Data supplied
-*-
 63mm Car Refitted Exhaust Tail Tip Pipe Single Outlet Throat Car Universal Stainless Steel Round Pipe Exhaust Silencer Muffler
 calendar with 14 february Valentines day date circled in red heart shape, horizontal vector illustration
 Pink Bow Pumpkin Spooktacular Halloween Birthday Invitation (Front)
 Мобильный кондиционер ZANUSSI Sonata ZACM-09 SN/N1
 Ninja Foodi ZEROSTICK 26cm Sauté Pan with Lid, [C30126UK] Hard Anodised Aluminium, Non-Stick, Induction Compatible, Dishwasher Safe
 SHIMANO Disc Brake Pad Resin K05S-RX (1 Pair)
-*-
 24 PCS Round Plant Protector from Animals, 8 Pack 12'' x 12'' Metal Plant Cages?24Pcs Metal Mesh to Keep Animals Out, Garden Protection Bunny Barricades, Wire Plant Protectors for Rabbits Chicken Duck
-*-
Assignment
Using the listing above, copy exactly the line that contains "Мобильный кондиционер ZANUSSI", the line that contains "SHIMANO Disc Brake", and each line that falls between them.

Output of the task
 Мобильный кондиционер ZANUSSI Sonata ZACM-09 SN/N1
 Ninja Foodi ZEROSTICK 26cm Sauté Pan with Lid, [C30126UK] Hard Anodised Aluminium, Non-Stick, Induction Compatible, Dishwasher Safe
 SHIMANO Disc Brake Pad Resin K05S-RX (1 Pair)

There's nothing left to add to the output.